Any Benedictine will tell you that the Rule of Saint Benedict is intriguing from the very first word of its prologue, “Listen.”
Listen, my son, to your master’s precepts, and incline the ear of your heart.
In fact, what most Benedictines will tell you is that it is the very first word of the Rule that encompasses the whole of Benedictine spirituality: to listen.
It is a call to listen for the voice of God however it be manifested—whether through the liturgical prayers of the Mass, the Liturgy of the Hours, the daily lectio divina that Benedictines try to incorporate into their meditations—but also beyond those specific settings and into the less-expected, because God speaks to us constantly and is not constrained or limited in how he may communicate with us.
God may choose to speak to us through the words of our spouse, our parents, or even our children. He may try to break through to us through a passing remark from a co-worker or a store clerk. Or even through a visual cue, wholly unspoken. I once had a friend tell me she came to a more profound appreciation of the Eucharist in a quiet moment at lunch, when she tore into a multi-grain roll and, in that ripping of the crust and the appealing whiteness of the bread, suddenly thought of how the tearing of Christ’s own flesh and blood opened up a food of pure and sustaining mercy.
The point is that God can only communicate with us when we are willing to be open—and to listen—at all times and in every circumstance. And what that really boils down to is what we call in the current parlance, “mindfulness.”
To be mindful is another way of saying “listening with the ear of the heart” in every moment, in order to be attuned to the constant reality and presence of God, and being willing to hear. It is being willing to concede that in any particular moment—and sometimes in the most surprising of ways—God may be trying to tell us something, to help us understand him, or ourselves, or the seemingly senseless and incomprehensible things we encounter in the world around us.
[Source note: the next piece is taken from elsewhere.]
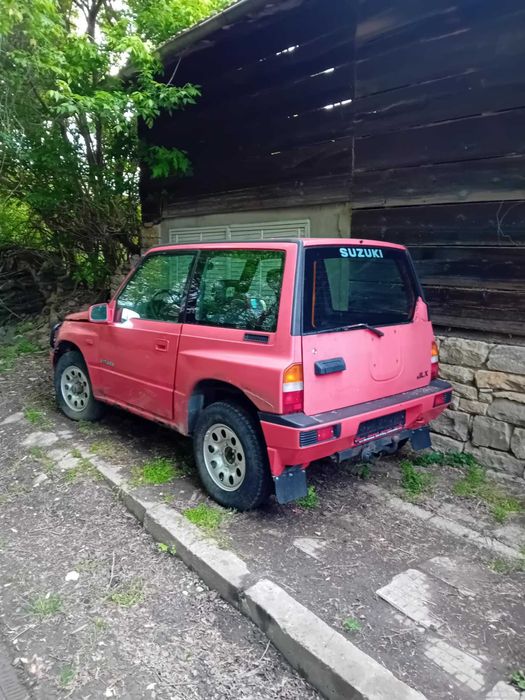 Suzuki Vitara на части
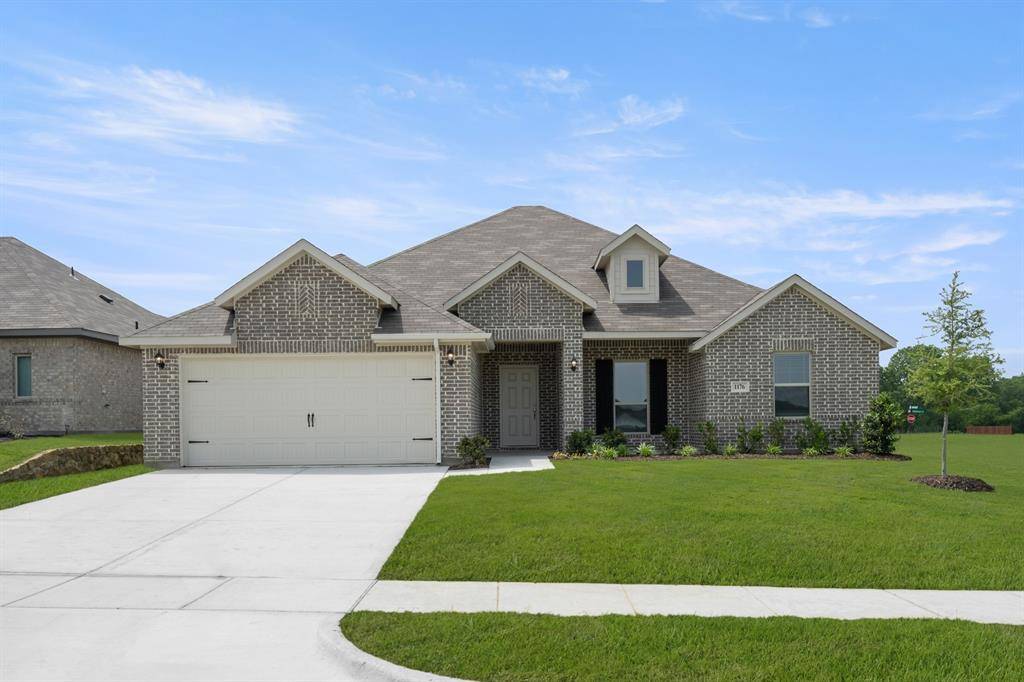 1176 Oak Spring Drive, Burleson, TX 76028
Listen to the way a loose shutter claps against a house in the wind. It could be God communicating a reassurance that though you feel like your life is being blown around in a whirlwind, you have a secure anchor in him, if you will only attach.
Listen to the leaves rustling in the trees in summer, or crunching underfoot in November, and hear messages of renewal, of cyclical change rooted in something sure and reliable.
Listen to your child explain, “It smells like snow outside,” and realize how marvelous are our senses, and how faithful are God’s designs, so laden with what is true, and lasting, that even little children can recognize nature’s signs and wonders.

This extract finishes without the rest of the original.